Monday, May 23, 2005

Women and Their Rights.

Currently, Laura Bush is on an image repairing mission in the Middle East. While there, Mrs. Bush has been very outspoken about the status of women in the ME. While this is an issue that needs to be taken up, it does not need to be taken up by a woman whose husband is systemically setting women's rights back years with each new law he and his Republican buddies pass. The latest right under attack? The right to choose. For years Republicans have wanted Roe v. Wade overturned. While the case going before the Supreme Court is not Roe v. Wade, it is the beginning of the dismantling of the right to choose. htp://news.bbc.co.uk/2/hi/americas/4574091.stm
The above link is off of the BBC website. That story details the case that the Supreme Court is set to hear. This case is the latest in a long line of initiatives by the religious right to force its beliefs down everyone else's throat. Since GWB came into power family planning programs that advocate birth control have lost funding, two types of abortion have come under fire, aid agencies that provide birth control overseas to those who would otherwise not have access to it have lost funding because "abstinence is the best birth control", and schools are being coerced into teaching abstinence based sex-ed programs (which are proven to not work well).
If Laura Bush (a.k.a. the Republican Party Secret Weapon) wants to give women more rights, perhaps she should start by telling her husband.

1 Comments:

Blogger Tom Carter said...

I'm pro-choice, in the same way the two Clintons are--abortion should be safe, legal, and rare.

The case the Supreme Court will hear centers on parental notification and consent when a minor gets an abortion.
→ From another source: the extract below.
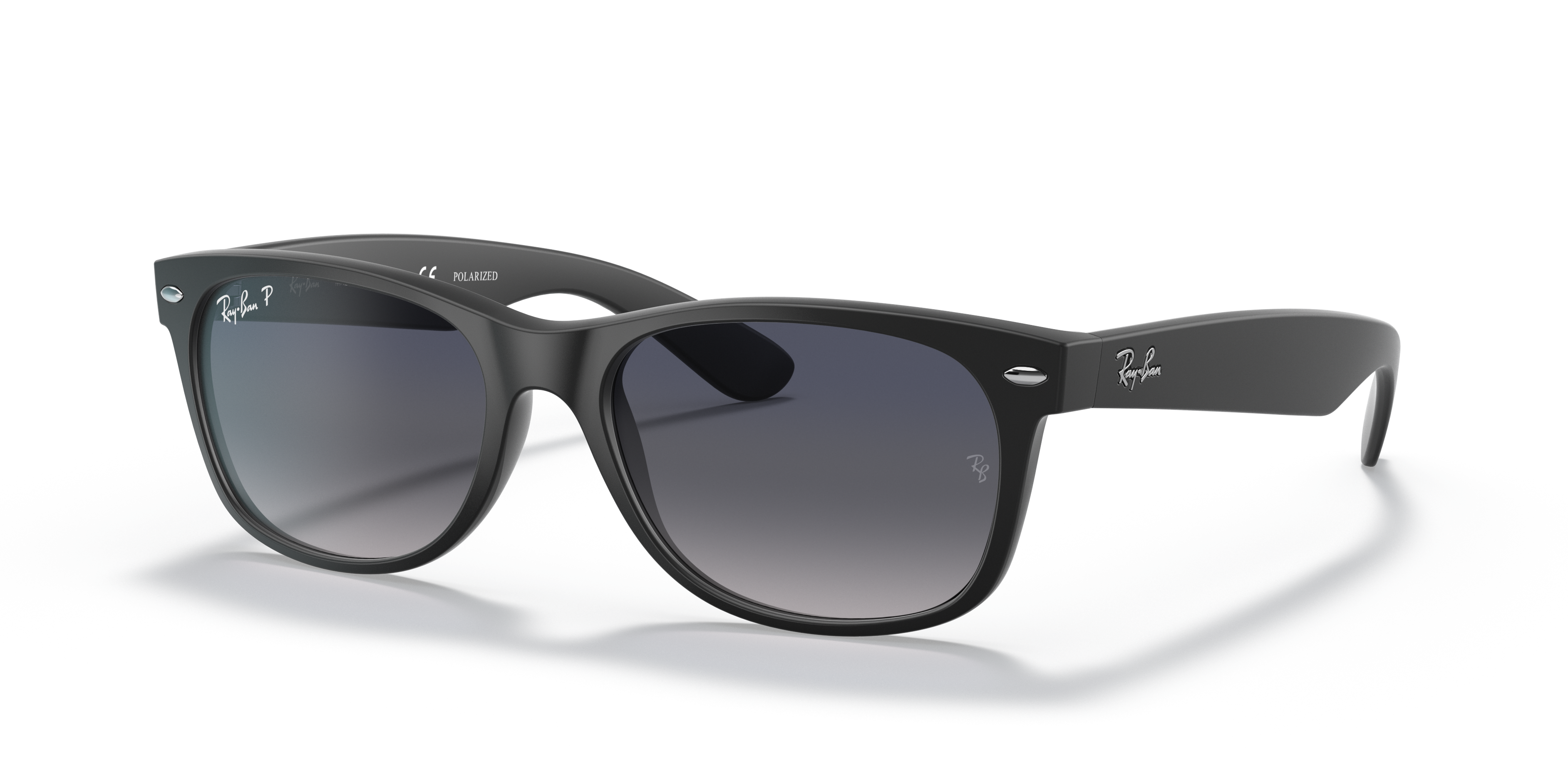 Ray Ban RB2132 New Wayfarer Classic 55 Blue Grey Black Polarized Ray Ban RB2132 New Wayfarer Classic 55 Blue Grey Black Polarized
I wrote about parental notification in detail in a post at my site. To put it briefly, I don't understand how anyone can maintain that a child who can't get her tooth filled without parental consent can get an abortion without her parents knowing about it.

Roe v. Wade is very problematic, in legal terms, and very complicated. Discussion of it can't be reduced to a simple pro-life versus pro-choice argument. A lot more detail is at this post.

Sorry to include the references to myself. But the issues are complex, and I don't want to clog up your comments with an excess of verbiage.